The access rights of the current user is an array of access tokens.  An example could be:

[{ name: "public", variables: [] }, { name: "user_basket", variables: ["42"] }]

This user has access to all public information as well as to their own shopping basket.  These access rights will not change during normal operation.  Changes can only occur by logging in/out or explicitly receiving new access rights.  Hence the access rights can be cached.

Now assume the user executes a query for the names of all publicly available products in the webshop.  In such a case, the “public” access token is used, but no content for the “user_basket” token would be used.  In fact, in a realistic scenario, no user_basket would ever contain a product name.  The access right system could share that the user had these two access tokens, but that only the public access token was used in this request.

We specify the data structures of a token by use of the name property.  Each token with the same name, regardless of its variables may contain the same data structures.  The variables define scopings of the actual data.  the user_basket with variable 42 may contain different information than the user_basket with variable 68.

The access right system shares all groups to which a user had access in the MU_AUTH_ALLOWED_GROUPS response header.  The groups which could have been used to answer the query is returned in the MU_AUTH_USED_GROUPS.  The latter contains all groups which, based on the structure of their data, could have helped to provide an answer.

Resulting properties

The authorization system has some interesting implications for practical implementation.  The most prominent ones are described in this section.

Tokens are communicated as JSON properties in the MU_AUTH_ALLOWED_GROUPS and MU_AUTH_USED_GROUPS headers.  These base technologies are already part of the mu.semte.ch microservice requirements.
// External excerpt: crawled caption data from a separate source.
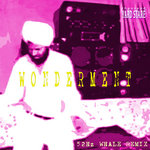 THOUSAND YARD STARE - Wonderment (52Hz Whale Remix)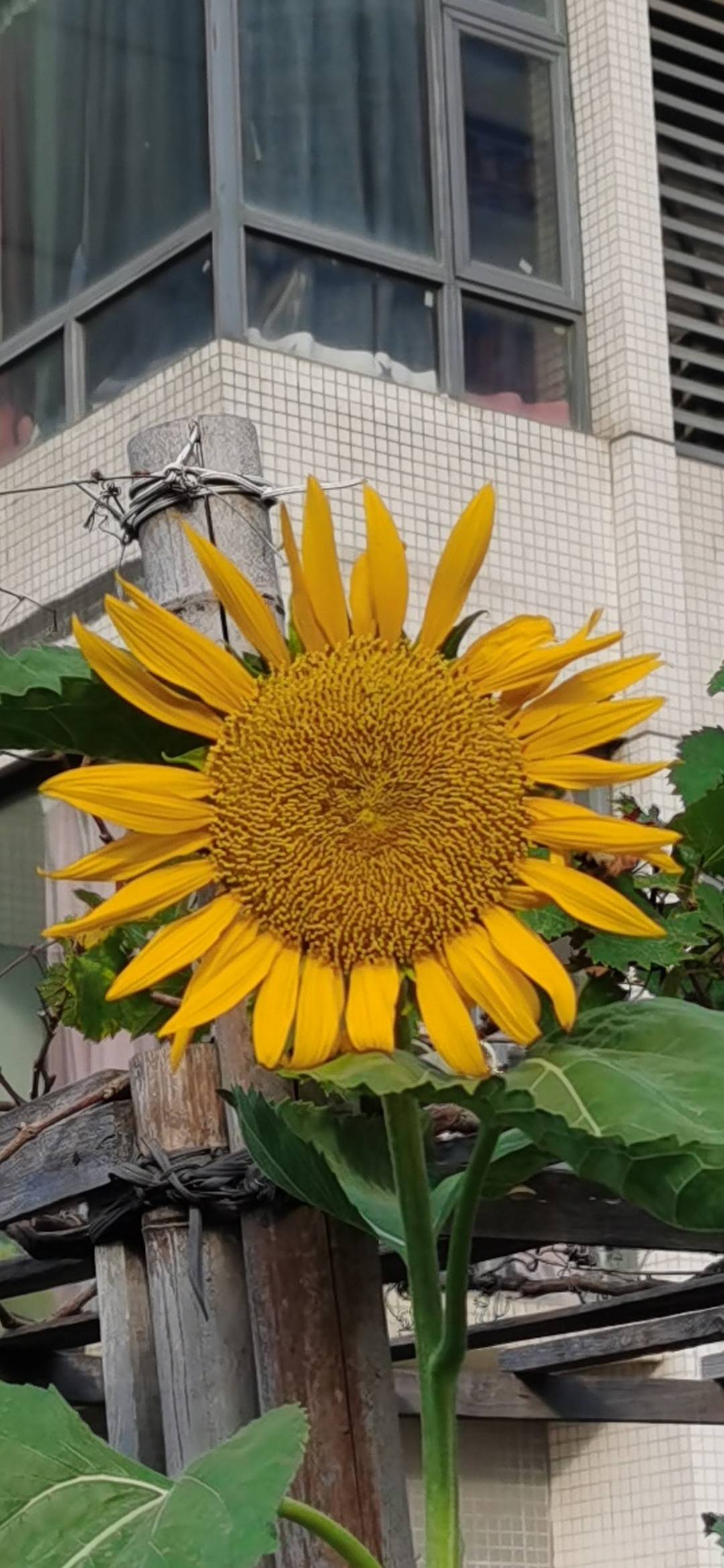 找聊天唱歌老伴搭子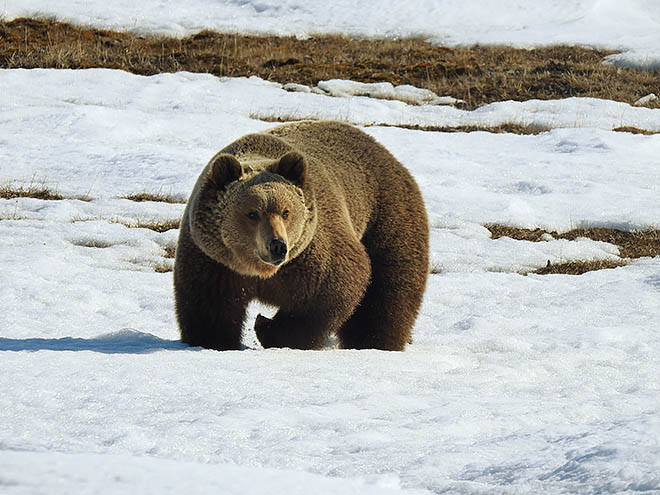 В 2019 году «томгайнын» неожиданно был обнаружен и на острове Врангеля. Медведь-одиночка до сих пор обитает там и, судя по упитанному виду, вполне неплохо себя чувствует. ФОТО: ПАВЕЛ КУЛЕМЕЕВ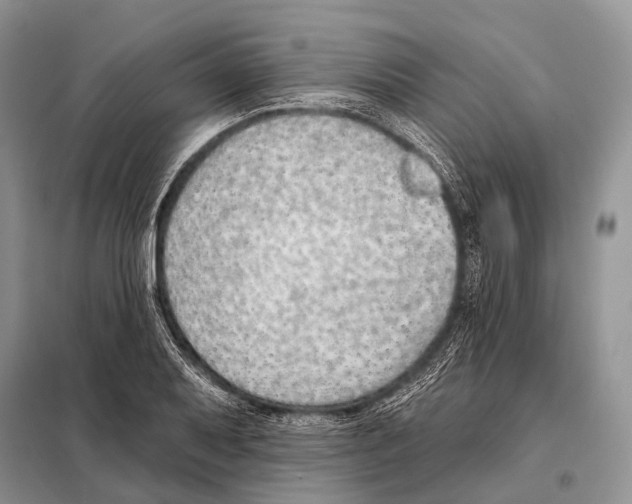 X0000098111079200805021127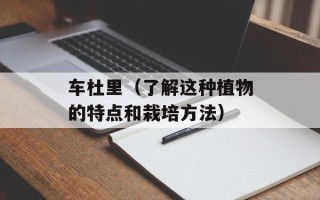 车杜里（了解这种植物的特点和栽培方法）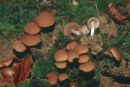 Psathyrella laevissima, gladkoroba črnivka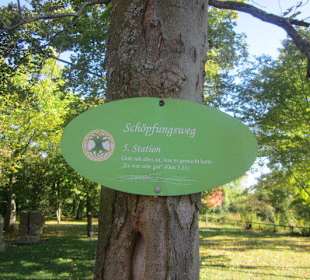 Klosterruine Limburg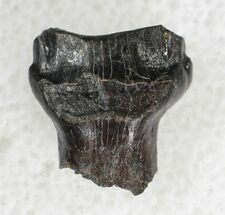 Detailed Ankylosaurus Tooth - Montana #21410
A large set of microservices operate in the name of the current user, and can be implemented transparently.  These microservices can be upgraded solely by upgrading their microservice template.  Resulting in virtually no impact on existing services.

The tokens for a particular session are near-constant.  The only very common case for changing tokens is logging in/out.  This means that for almost all requests the user makes, we can use a cached set of access tokens.  These access tokens can be stored in the user’s session.

When executing a SPARQL query, the set of mu_auth_allowed_groups will always be a superset of mu_auth_used_groups.  If a group with name foo was in mu_auth_allowed_groups and not in mu_auth_used_groups, then this will be the case for all further executions of this query, regardless of the variables applied to the tokens.  Because of this we can cache the result of a product listing query for a user which has tokens: [{ name: “public”, variables: [] }, { name: “user_basket”, variables: [“42”] }].  Discover only [{ name: “public”, variables: [] }] was used to answer the query by checking the mu_auth_used_groups, and use the response for a user with tokens [{ name: “public”, variables: [] }]  or [{ name: “public”, variables: [] }, { name: “user_basket”, variables: [“68”] }].

Results of executing multiple SPARQL queries can be simply combined.  Say a user has tokens [a,b,c,d].  Assume a first SPARQL query has used_groups [a,b] and a second SPARQL query has used_groups [a,c].  The resulting required access tokens for the full response would become [a,b,c].  As such, it is easy for systems to combine the access rights for SPARQL queries.  This property allows for simple access-rights-aware caching.

Conclusion

The authorization system can work by use of access tokens.  Most microservices can be upgraded merely by bumping their base microservice template.  The access rights tokens are JSON objects which allows us to inspect them.  The system is near-transparent for the end-user.

 

(*) The vast majority of authorization could be handled by the database.  Based on who is logged in, we can define what information they are allowed to see or manipulate.  Knowing the session, we could derive all information about access rights at the moment the user logs in.  However, there’s a catch.  Microservices are allowed to have local caches.  As these caches can be stored locally, responses may be generated without requests to the database.  In order to keep this path open, we need to be able to share access rights to these systems.